When I asked the Freedom House report’s lead author, Arch Puddington, whether press freedoms were a major focus of the study, he said a separate Freedom House report focusing on press freedoms is due in May.
“I would suspect that the American press freedom score will decline for the year 2017,” he told me.
He added that “there have been no institutional threats on the media, such as making it easier to file libel suits, or setting up media censorship committees, like has been done in Russia. But Trump and his press secretary have denounced the media in ways that no president in my lifetime has done.”
Indeed, since his Jan 20 inauguration, Trump has accused the New York Times, the Washington Post and CNN, among others, of “fake news.” Trump’s top strategist Stephen K Bannon said on Jan 25, “The media should be embarrassed and humiliated and keep its mouth shut. … The media here is the opposition party.”
Some may find this to be a trivial side effect of Trump’s impulsive personality, or a legitimate exercise of a president’s right to fight back against press reports he considers unfair. But those of us who have followed Latin American affairs for decades know very well that government attacks on the media sooner or later curtail independent thinking.
Much like Trump rails against whichever news organization dares to call into question his near-daily blatant lies — whether it’s about the size of the crowd that attended his inauguration or his false claim that “millions” of undocumented immigrants voted against him — demagogues in Venezuela, Argentina and Ecuador have used exactly the same language against the media in recent years.
They have all called leading opposition newspapers “liars,” and branded the media as the “opposition” party. Former Argentine President Cristina Fernandez de Kirchner’s leading slogan, referring to her country’s largest circulation newspaper, was “Clarin miente” (Clarin lies.)
Pablo J Boczkowski, a professor of communications at Northwestern University who authored a recent study on the impact of the Fernandez government’s attacks on Clarin, told me that such systematic attacks on news organizations in the long run erode those news outlets’ credibility with nonpartisan readers.
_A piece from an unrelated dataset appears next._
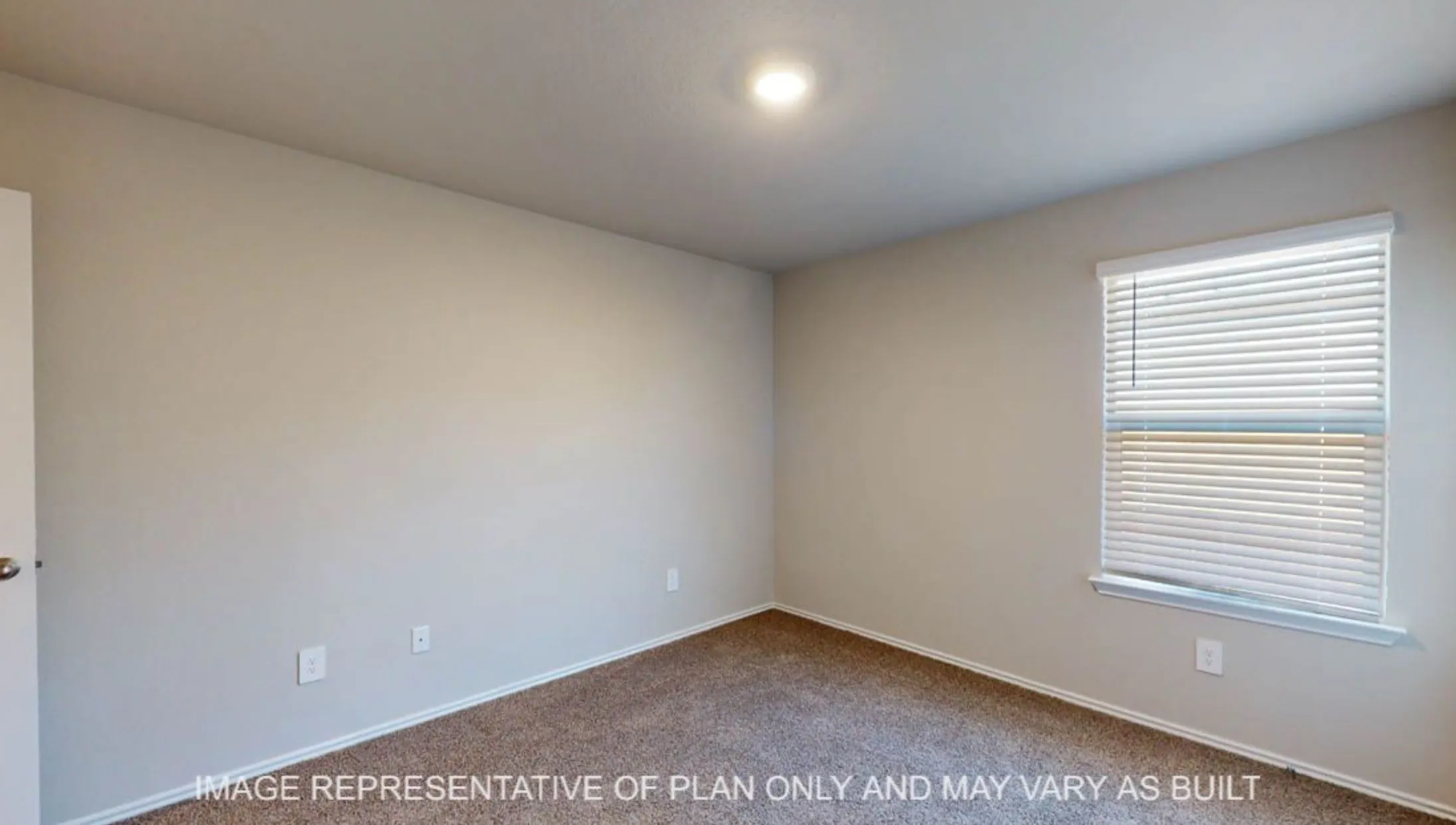 Neutral wall paint, recessed ceiling lighting, textured carpet flooring, and a single window with blinds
In Argentina, Fernandez’s daily verbal onslaughts against Clarin, which had a politically diverse following, drove down the newspaper’s audience from 380,000 in 2008 to 232,000 in 2014. By comparison, the readership of La Nacion, which had a more uniformly opposition audience, fell only marginally, from 158,000 to 155,000 copies during the same time period, according to his study.
“The Argentine experience shows that attacking a news organization is a politically effective tactic,” he told me. “It solidifies the president’s base, and erodes or puts in question the independent media’s credibility.”
My opinion: It’s true that Trump has not taken any steps to institutionally curtail press freedoms. But his daily verbal attacks on the media are aimed at sowing confusion, so that nobody knows anymore what’s true and what’s a lie. And when nobody believes anything any longer, demagogues can do as they please.
We have seen this movie before in many Latin American countries, and we may see it now the United States.